Embora não houvesse uma assinatura, vários são os possíveis autores da frase. Provavelmente alguém ligado a alguma organização ambientalista incapaz de associar a preservação ambiental com o desenvolvimento do país e a soberania nacional.

Neste ponto, é bom recordar o jurista Osny Duarte Pereira, como epígrafe ao seu trabalho para o Código Florestal de 1965, onde teria dito que queria evitar a extinção das florestas “para que nunca se extingam as serrarias do Brasil”. Hoje, com o advento do eucalipto, pode-se preservar o meio ambiente sem usar madeira de espécies nativas.

Claro que toda atividade agrícola ou florestal têm impactos. Talvez os nossos pichadores tenham errado no alvo justamente neste ponto. É fundamental que os movimentos sociais identifiquem e centrem a denúncia no problema basilar que historicamente persegue essa e outras espécies, ou seja, o latifúndio enquanto classe social e o seu manejo predatório que, em vários casos, persiste ainda hoje apesar de várias novas técnicas e métodos culturais. Não é o eucalipto o vilão da história.

É grave equívoco dizer, pelo menos em nosso caso, que o eucalipto ameaça a produção de alimentos, sendo que dos 340 milhões de hectares de terra cultivável no Brasil pouco mais de 1%, ou seja, cinco milhões de hectares são usados para a eucaliptocultura. O assunto vem sendo recorrente, mas existem ameaças maiores que essas, como as velhas políticas protecionistas e os subsídios estabelecidos pelos países ricos que podem elevar preços de matérias-primas causando impacto no fornecimento global de alimentos para defenderem suas hegemonias e poder, que mereceriam denúncias mais contumazes. Ademais, com todo o conhecimento acumulado no campo das ciências agrárias é perfeitamente possível aproveitar campos degradados para acrescer a silvicultura sem desmatar novas áreas.

A perda da biodiversidade nos grandes plantios de eucalipto, o que constitui os chamados “desertos verdes”, também não é exclusividade da espécie. Toda e qualquer espécie agrícola cultivada em grandes extensões terão o mesmo efeito.

Em 1885, o escritor francês Emile Zola deixava registrado em seu clássico livro Germinal as ultrajantes condições de trabalho dos mineiros de seu país que trabalhavam na extração do carvão mineral, vital para, entre outras coisas, aquecer o povo durante o rigoroso inverno. Já naquela época muitos trabalhadores tinham consciência de classe que o inimigo não era o carvão ou as minas, senão a exploração capitalista.
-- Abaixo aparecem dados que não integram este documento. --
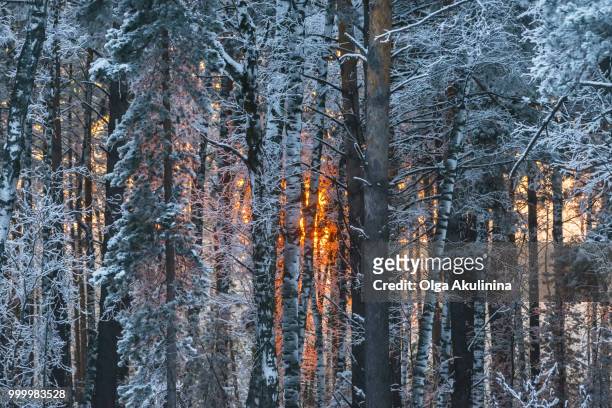 winter forest - olga stock pictures, royalty-free photos & images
Assim, é necessário romper com esse velho dilema e apostar numa política que não ponha o eucalipto como o inimigo da agricultura brasileira.

Não fosse a chegada do eucalipto em 1868 ao Brasil e todo o trabalho feito no âmbito de seu melhoramento genético e tratos culturais com pesquisa nacional, muito de nossa vegetação nativa, principalmente o Cerrado, já teria se transformado em lenha e carvão para as siderúrgicas.

Estes que não comem eucalipto são os mesmos que não comem soja, algodão, cana-de-açúcar e outros fantasmas associados ao agronegócio. Mas, irremediavelmente, serão comidos pela história se continuarem com esta visão estreita e sectária na abordagem da agricultura brasileira.